Luiz A. G. Cancello
Quem lê o título e não mora em Santos pode pensar que os músicos tocam debaixo d’água. Não é bem isso.
O aquário de Santos fica numa praça muito bem urbanizada, a beira mar. Todo sábado tem um sarau aberto ao público. Por algum motivo a grande maioria das pessoas que vêm assistir ao show é da terceira idade. Há cadeiras de plástico oferecidas pela prefeitura, mas muitos levam suas próprias cadeiras de praia. Acho um lugar fornecido pelo poder público e me sento, justificando uma parcela dos impostos que pago.
Vim prestigiar os músicos, todos meus amigos.
Passam o som — aquela hora barulhenta em que ficam regulando a altura e o timbre dos instrumentos, flauta, violão, pandeiro e voz — e começam a tocar. Tudo certo, de acordo com a programação.
De repente vejo uma porção de velhinhas e velhinhos olhando para cima.
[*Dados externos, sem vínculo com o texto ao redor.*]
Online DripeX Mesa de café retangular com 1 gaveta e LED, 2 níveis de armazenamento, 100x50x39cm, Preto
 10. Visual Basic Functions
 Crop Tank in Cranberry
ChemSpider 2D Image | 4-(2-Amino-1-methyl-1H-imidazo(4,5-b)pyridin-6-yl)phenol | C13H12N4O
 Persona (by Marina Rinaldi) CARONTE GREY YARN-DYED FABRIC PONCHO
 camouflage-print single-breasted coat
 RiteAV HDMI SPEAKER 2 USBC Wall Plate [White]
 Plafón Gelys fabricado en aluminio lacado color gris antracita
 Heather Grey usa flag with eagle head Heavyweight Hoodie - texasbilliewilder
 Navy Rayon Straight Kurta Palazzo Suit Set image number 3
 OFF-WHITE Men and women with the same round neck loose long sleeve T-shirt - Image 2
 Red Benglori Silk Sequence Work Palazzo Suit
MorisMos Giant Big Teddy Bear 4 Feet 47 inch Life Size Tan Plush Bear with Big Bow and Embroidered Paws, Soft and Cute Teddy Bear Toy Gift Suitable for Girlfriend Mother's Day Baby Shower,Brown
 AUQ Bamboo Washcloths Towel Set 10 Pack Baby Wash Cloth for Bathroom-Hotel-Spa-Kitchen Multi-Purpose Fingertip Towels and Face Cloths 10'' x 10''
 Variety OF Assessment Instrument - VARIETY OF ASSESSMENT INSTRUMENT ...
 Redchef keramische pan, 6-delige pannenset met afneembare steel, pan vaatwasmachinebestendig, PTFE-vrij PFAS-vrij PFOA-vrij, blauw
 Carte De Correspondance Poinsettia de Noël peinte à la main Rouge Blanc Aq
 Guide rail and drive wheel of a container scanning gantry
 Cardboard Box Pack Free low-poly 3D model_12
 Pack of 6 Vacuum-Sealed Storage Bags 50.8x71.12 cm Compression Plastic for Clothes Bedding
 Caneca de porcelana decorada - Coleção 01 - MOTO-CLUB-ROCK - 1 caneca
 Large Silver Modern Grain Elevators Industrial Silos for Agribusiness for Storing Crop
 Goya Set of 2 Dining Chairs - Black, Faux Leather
Lá está ele, o motivo de curiosidade, um drone. Um senhor, ao meu lado, pergunta a outro: “Como é mesmo o nome desse avião?”
O objeto voador sobrevoa a praça a grande altitude. Faz manobras muito rápidas, muda de direção de repente, para no ar. Haja pescoço, os bicos de papagaio das cervicais devem ter sofrido. Os idosos levantam os braços, apontando, mostrando aquele prodígio aos outros, como se alguém não estivesse vendo. E a música rolando, ótima. Ouvidos no palco, olhos no céu. Depois de algum tempo o drone desce e todos veem, admirados, aquele ícone dos tempos modernos pousar com suavidade na mão do piloto.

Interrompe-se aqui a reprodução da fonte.